Осе этого было не видно, но Суаве видела очень хорошо, как множество огоньков густо столпились вокруг церкви и тянулись к самой реке. Впервые над городом звенели колокола недостроенной башни, и их металлический мерный перезвон накрывал город невидимым облаком, от которого почему-то становилось спокойно.
Суаве продолжала:
— На площади Агерат сейчас то же самое. Люди жгут травы под статуей Веньё. Все просят его помочь тебе.
С минуту они оба молчали. Осе не ощущал радости из-за молитв людей о себе. Он ощущал только гнетущую пустоту, будто внутри он был уже мёртв.
— Есть какие-то новости о Теабране?
— Сегодня нам доложили, что его армия движется с северо-запада и подойдёт к городу меньше, чем через неделю.
— О боги… — выдохнул король. — Что армия?
— Готовится. Согейр, Гаал, Вальдарих, Вечера уже отдали приказ укреплять стены. Готовят масло, онагры, заправляют пушки. Отец с матерью вернулись в Мраморную долину.
— А Монтонари?
— Остался. Он сказал, что будет сам командовать кантамбрийцами во время сражения. Эрнан отправил домой только Четту и Аэлис. Лаэтан наотрез отказался уезжать. Он сказал, что в этом городе его невеста, и он обязан её защищать. Даже поссорился из-за этого с отцом.
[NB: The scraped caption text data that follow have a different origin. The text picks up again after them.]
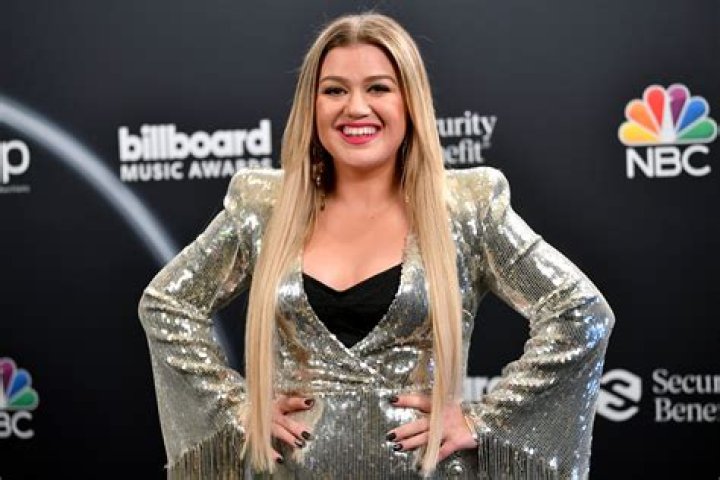 Kelly Clarkson Net Worth 2024
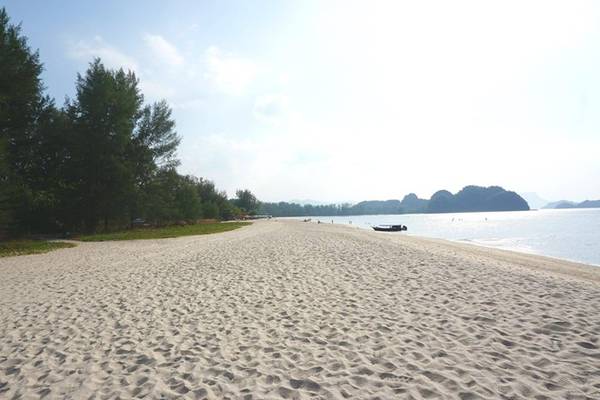 Có hai nơi đông vui trên đảo là Pantai Cenang và Kuah. Thuê khách sạn ở một trong hai khu này là thích hợp nhất.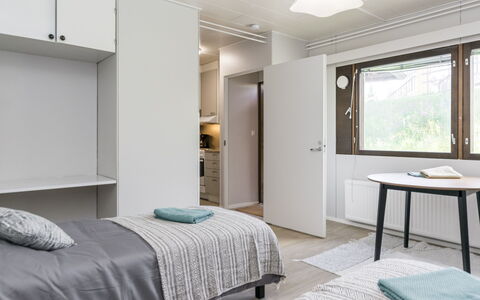 Heinävesi Homes D5: Møbel, Indretning, Gulvbelægning, Etage, Væg, Seng, Soveværelse, Træ, Loft, Værelse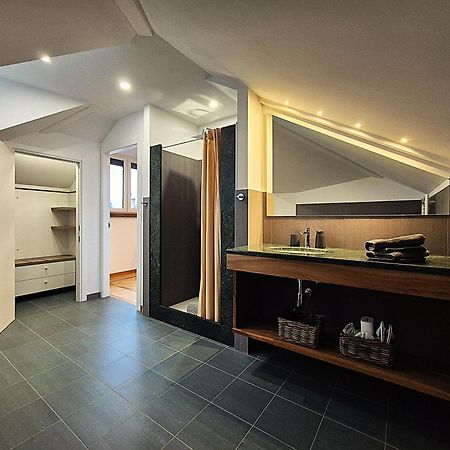 Residenza Laurum Манделло-дель-Ларио Экстерьер фото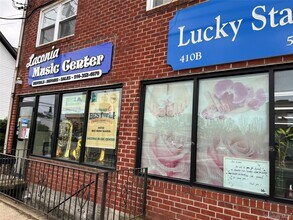 Building Photo - 410 Jericho Tpke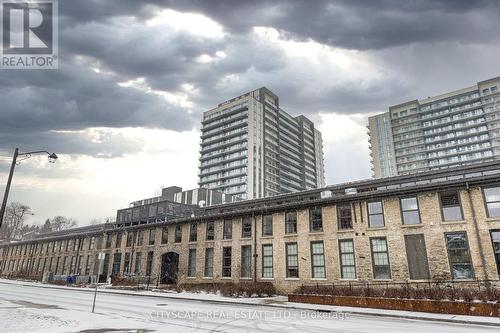 1505 - 15 Glebe Street, Cambridge, ON - Outdoor With Facade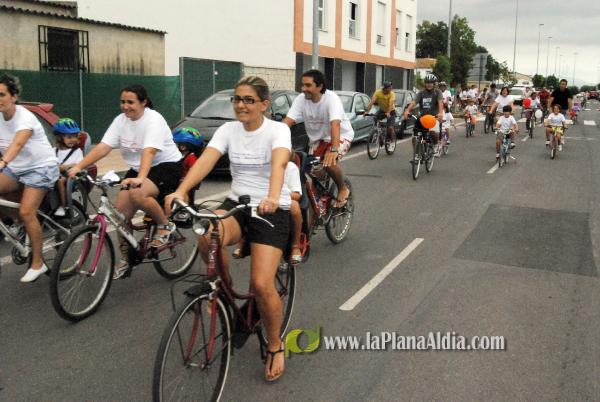 �?xito de convocatoria en la marcha ciclista organizada en el barrio de San Ramón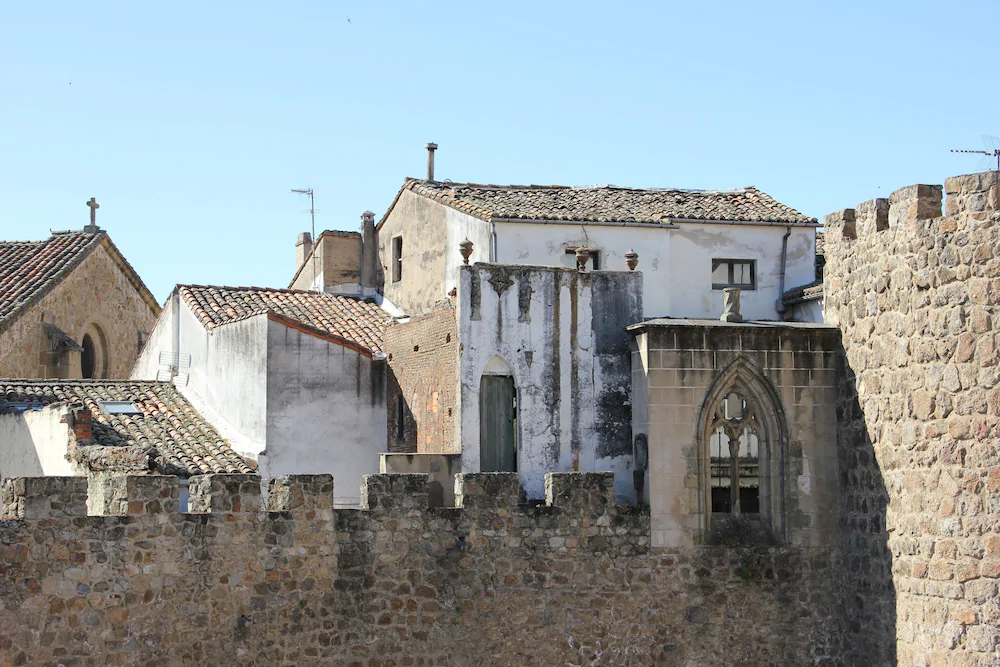 Hotel Dora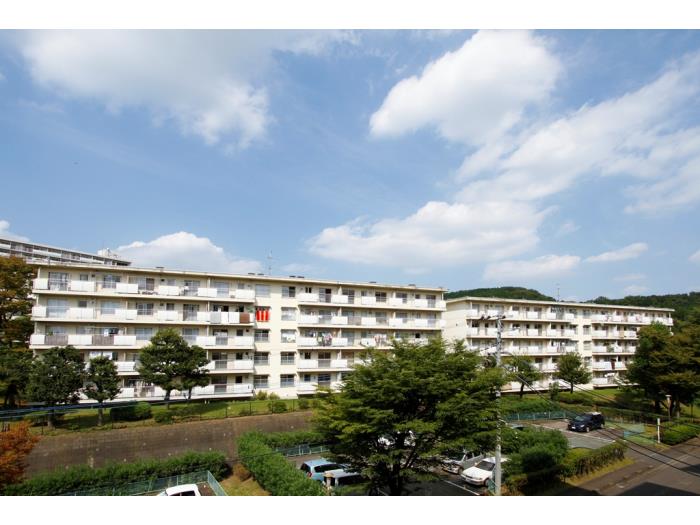 apartment 厚木市鳶尾2ほか

住棟配置図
— Лаэтан хороший мальчишка, — слабо улыбнулся Осе. — Я должен поблагодарить Вечеру за то, что она не дала мне связать узами брака Ясну и Роланда. Едва ли он бы стал защищать город ради женщины. Элботу уже выслали приказ, чтобы он отправил нам своих людей?
— Да, Вечера сделала это сразу после того, как пришли вести от лазутчиков. Дочь почти всё время проводит в башне, готовится к бою.
— Жаль, во мне нет и половины той отваги, что есть в ней. Она всегда была сильнее меня, — сделал король признание, которое душило его многие годы. — Прости меня.